More games than you can shake a joystick at

Breaking my own pattern, I’m posting not one but two fun friday links. Got a hankering to be anywhere but work and a computer that’s sufficiently concealed from the view of the others around you? Get thyself over to the addicting games website and spend a few minutes entertaining yourself.

30

Jan

Advice from the land of the absurd

Continuing with my anti-Internet Explorer tirade, today’s link is courtesy of Microsoft themselves. They’ve helpfully put up a support page with some tips on how to avoid being hijacked. My favorite? They suggest:

The most effective step that you can take to help protect yourself from malicious hyperlinks is not to click them. Rather, type the URL of your intended destination in the address bar yourself. By manually typing the URL in the address bar, you can verify the information that Internet Explorer uses to access the destination Web site. To do so, type the URL in the Address bar, and then press ENTER.

. That’s right folks, no problem. Just type that 600 character URL ebay just sent you by hand yourself, no problem! Don’t click on the URL, a fundamental function of your web browser because, well, Microsoft can’t be bothered to fix a defect in their product.

It’s so pathetically absurd. Anyone who’s just read the proceeding paragraph and is still using IE needs to have their head examined.
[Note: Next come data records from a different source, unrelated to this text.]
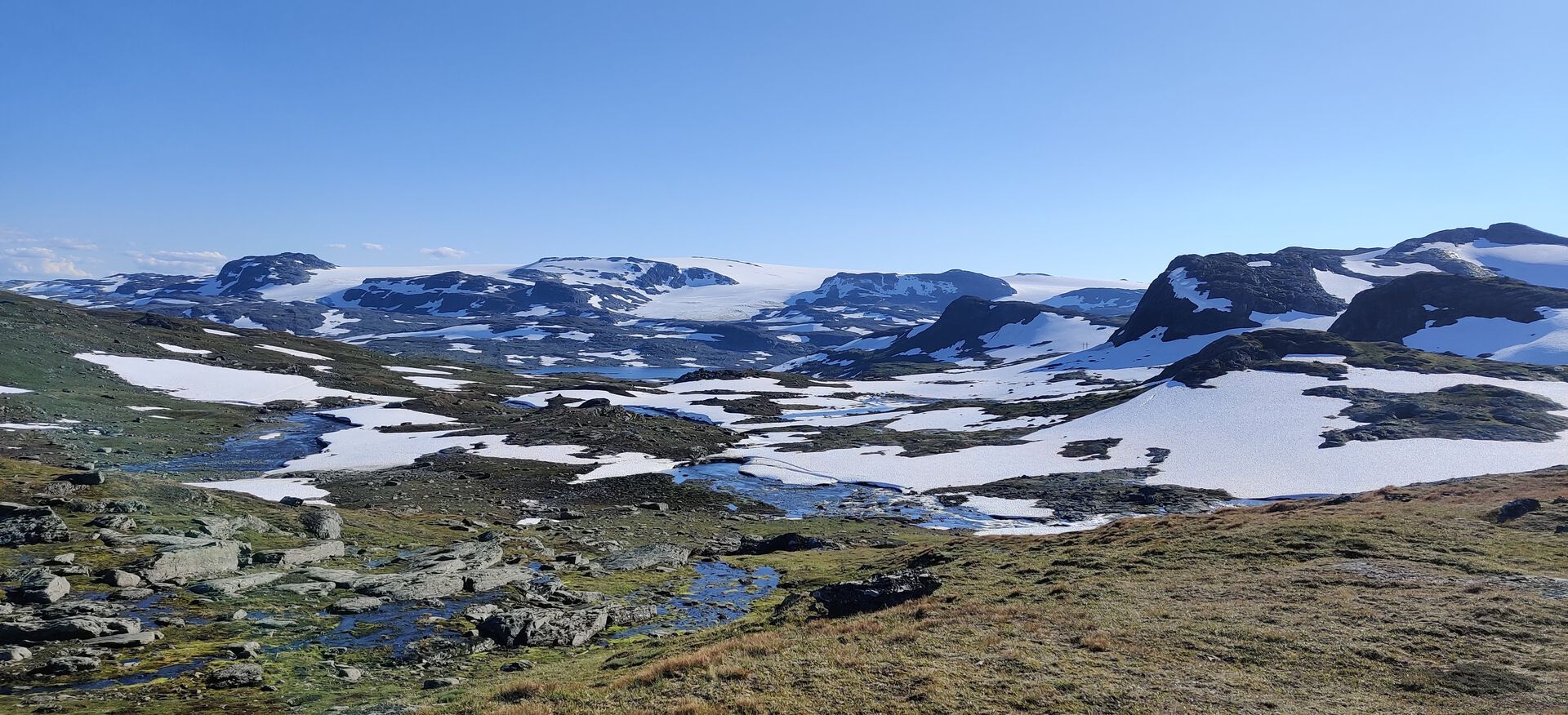 The field site to study the linkage between groundwater discharge and greenhouse gas evasion in Finse, Norway.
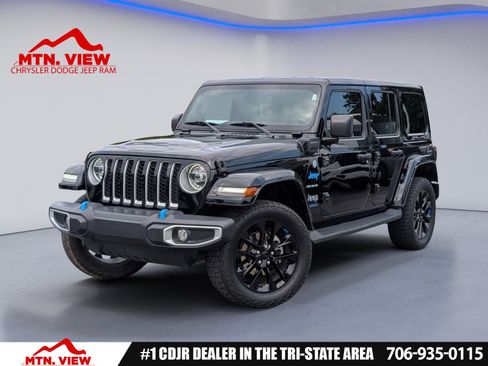 Used 2022 Jeep Wrangler Unlimited Sahara w/ Cold Weather Group AWD/4WD image 1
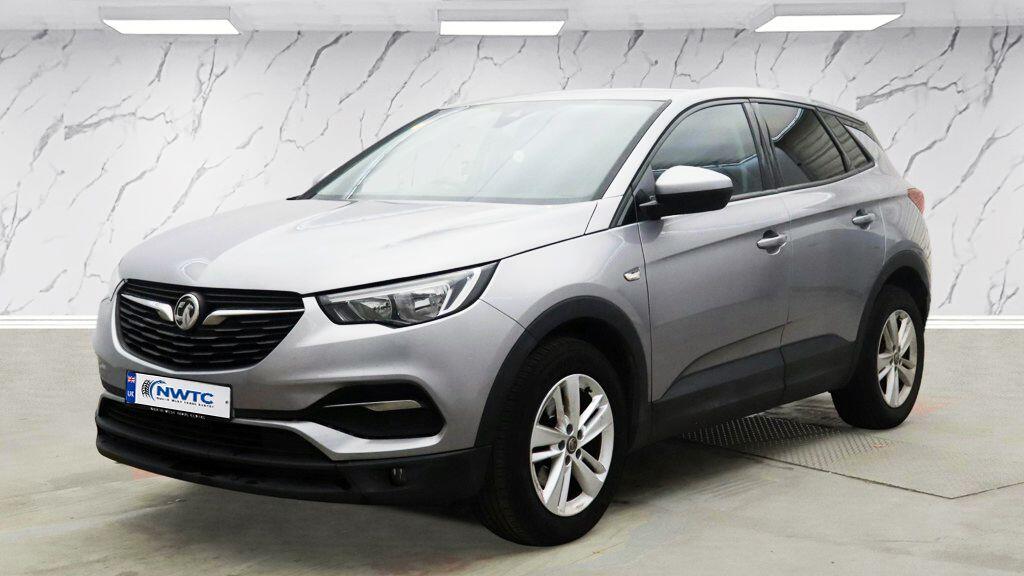 Vauxhall Grandland X view 5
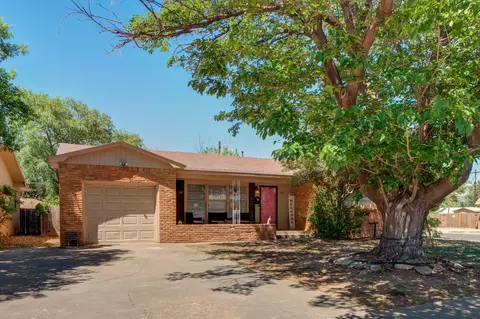3102 39th St, Lubbock, TX 79413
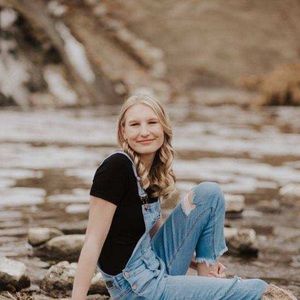 Meet your Posher, Madelyn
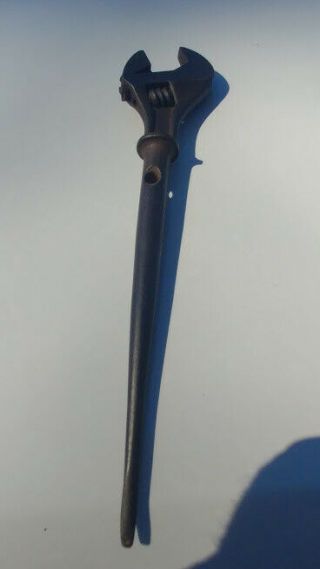 Spud Wrench Adjustable End Unusual Design Vintage Antique U.  S.  A.  Made 11 3/4 "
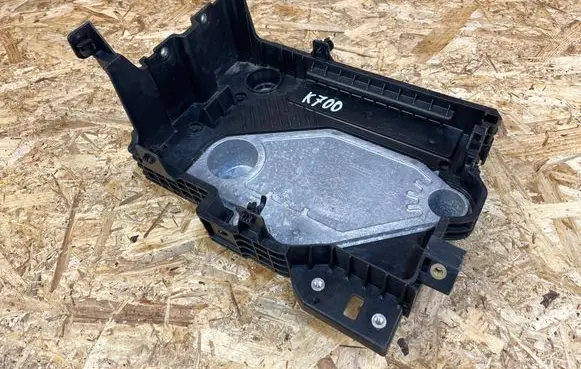 Renault Captur II Battery box tray 648947355R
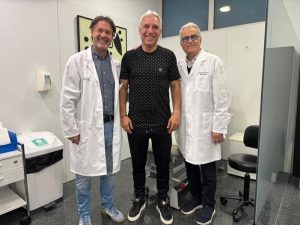 Д-р Рамон Кугат оперира рамото на Христо Стоичков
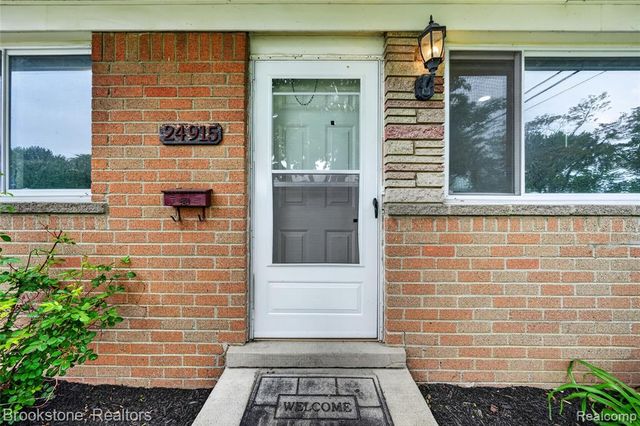 24915 Tallman Avenue, Warren, MI 48089
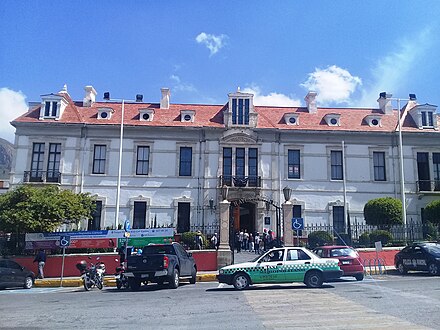 Palacio Municipal, Pachuca [es] (photo 2019) Palacio Municipal de Pachuca. 01.jpg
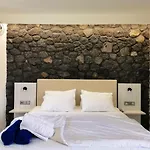 Noir Santorini 캡슐호텔 모노리토스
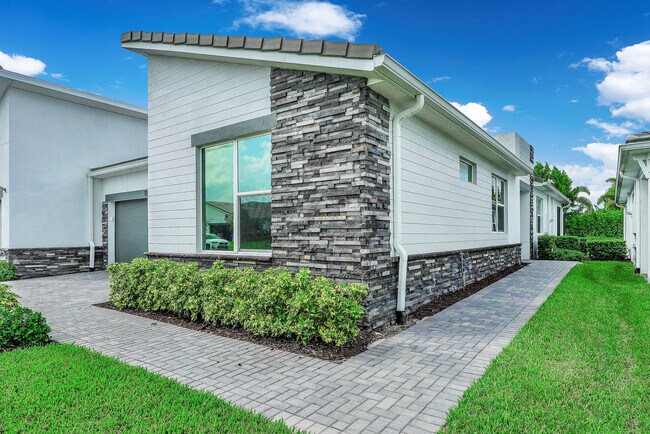 10219 SW Corvus Ln in Port St. Lucie, FL - Building Photo - Building Photo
No, wait, actually, they need to have their computer forcibly taken away from them, they’re clearly not capable of operating one in a responsible manner.

There’s an opportunity for a class action lawsuit by all the people who’ve ended up buying bogus merchandise or had their checking or paypal accounts drained or discovered a lot of Ukranian hotel rooms charged on their credit card all of the sudden. Any ambulance chasing lawyers reading this are advised to get right on it ;-)

30

Jan

How do you compete with free?

I’ve become quite the open source fan over the last several years, due mostly to apache and linux. Sometimes I have these twinges of guilt about it though. Yesterday I was offered the option to get an update to BBEditfor my mac at work and after thinking about it for a minute I declined. I just don’t need it anymore. I’ve been using BBEdit on Macs since before the internet, in the days of system 6 when it was just this great text editor, and it’s been a central part of my toolkit during my entire career. Until the last year or so that is, as jedit slowly replaced it. The main advantage jedit has over BBedit aside from being free is that it works the same on all platforms - my two linux boxes at home, the mac and pc at work, my gaming rig, my lab full of machines at work - on all of them I have the same editing environment. Jedit is also wonderfully extensible - everything from XML indenters to wiki editors are available and there’s an active development community supporting further extensions to the editor.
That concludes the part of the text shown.